I woke around five, to my own surprise, and was similarly surprised at how quiet it was. I live in a big city after all, and we are entering the season of leaving windows cracked at night to let in the late summer breezes. But at five the city was hushed, and even the breezes were quiet.
I woke early on a morning many years ago – I couldn’t tell you what time it was, but I can tell you how old I was, four quickly going on five – after the first night in the old house on seven quiet acres that my parents had recently bought. We had moved from a quiet suburban neighborhood to state road that led from the same suburb into the farmtowns to our north and east.
We had no neighbors. We had no streetlights. What we had was the rare but audible car zipping down the long, straight road at night, and when I woke that first morning I complained that the sound of airplanes had woken me up, not recognizing the whoosh of passing cars.
Now, that same bedroom is where I go when I need to get out of the city, when I need a place to sleep that is dark and quiet. It is a retreat, and if I wake in the morning to the smell of my mother’s blueberry buckle, then the retreat offers an added blessing beyond just the peaceful rest.
As soon as I left home I started searching for a new home. When I settled in South Boston ten years ago this fall, I became determined to make it my home. I needed to be rooted. Despite often looking over my shoulder at the roots that still linger in the quieter land of my youth, I have also wound roots into the ground here, through the cracks in the sidewalk and the postage stamp sized city parks that that break up the monotony of gridded streets and three-floor walk-ups.
There are things I put up with to be in this place: it is expensive and my apartment is small. I have to parallel park every night, and spots are scarce. The landscape is changing: the first of every month more twenty-somethings move in to flipped condos that their parents are paying for. I don’t know how much longer I’ll be able to afford to stay, or how much longer I’ll fit in.
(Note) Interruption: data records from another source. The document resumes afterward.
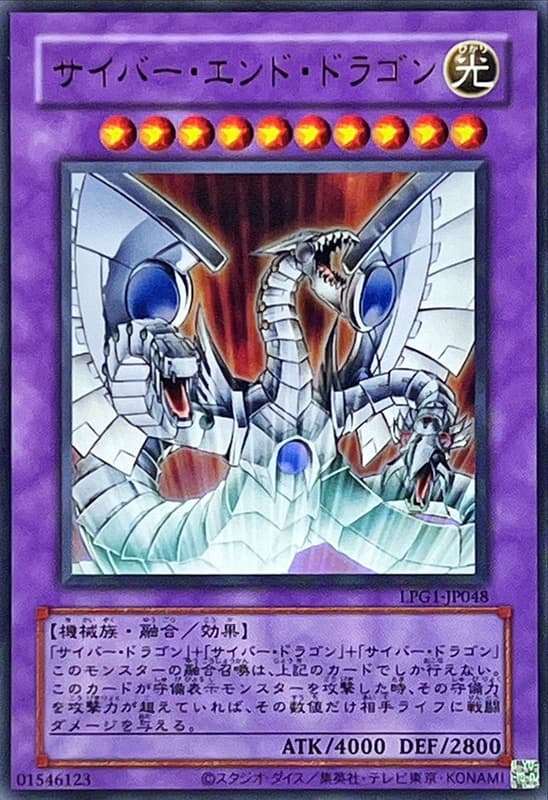 電子終焉龍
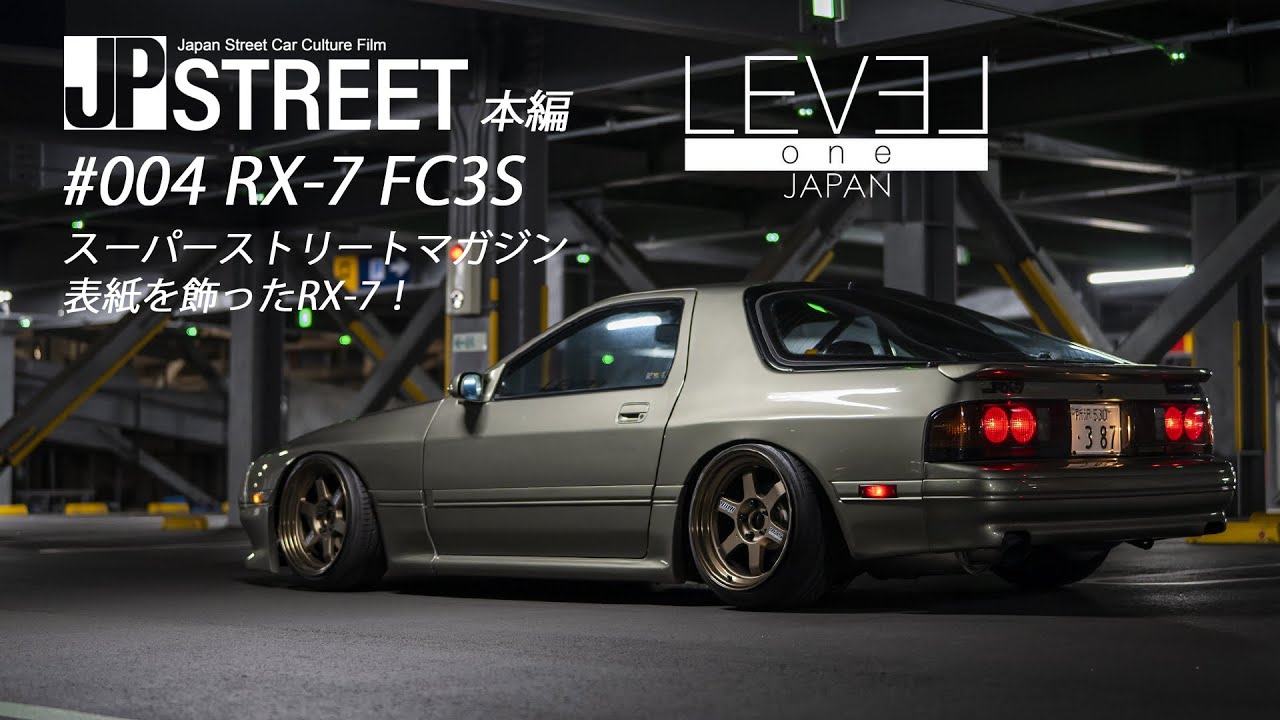 RX-7 FC3S 本編 #004 JP STREET : LEVEL ONE JAPAN MIYATA'S FC3S Subtitles available in various countries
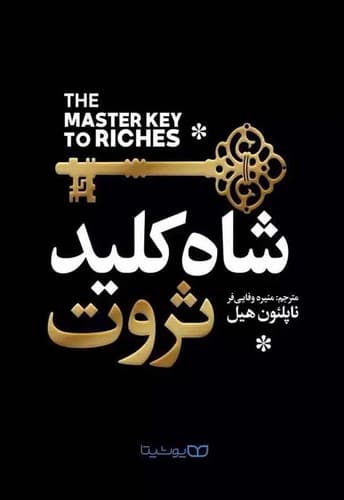شاه کلید ثروت (یوشیتا) رقعی شومیز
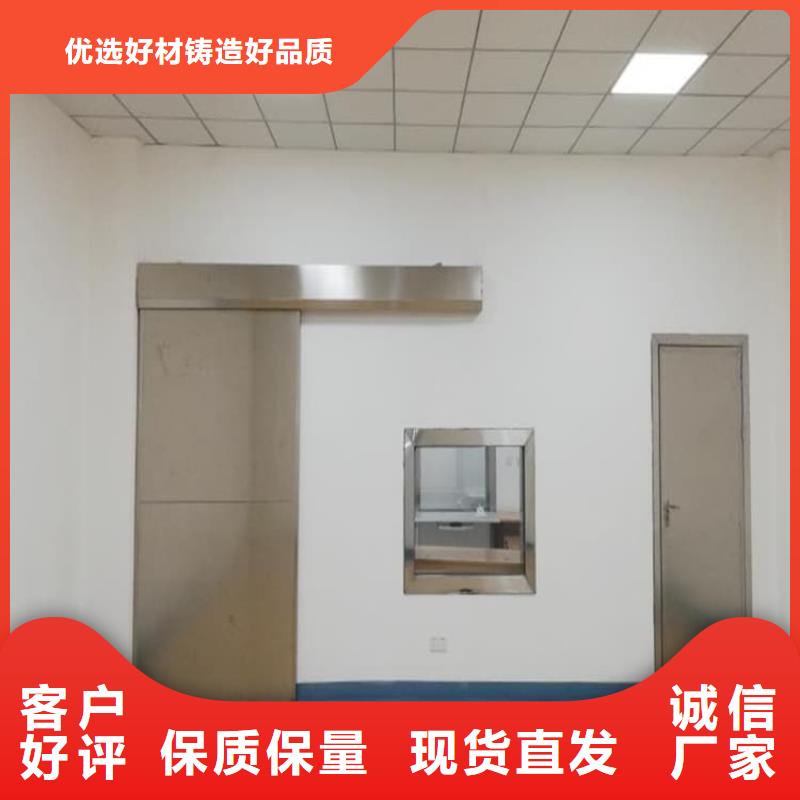 铅板4mmpb低报价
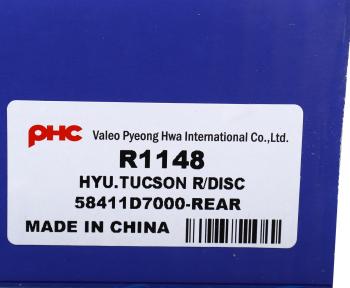 3 899 р. Диск тормозной HYUNDAI Tucson (15-) KIA Sportage (15-) задний (1шт.) VALEO PHC VALEO PHC r1148  с доставкой в г. Керчь. Увеличить фотографию 5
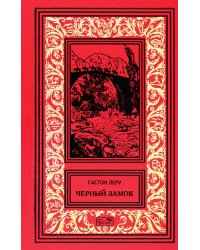 Черный замок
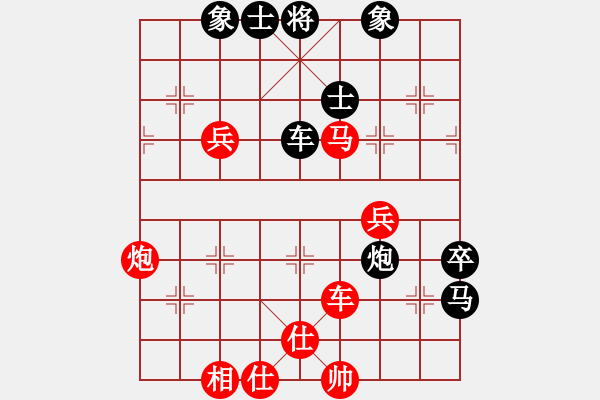 象棋棋譜圖片：粵東兵王(北斗)-勝-小聰明(無極) - 步數(shù)：100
At five on a quiet weekday morning my adopted home surprised me. No young partygoers were stumbling along and shouting, no one was rustling through the cans in the trash, no one was warming up a car with a rattling engine. It was quieter here than a city has any right to be. The streets would soon be waking up, as I was. Sound and light through the window would soon be changing. For once, I didn’t shut my eyes to try to block it out.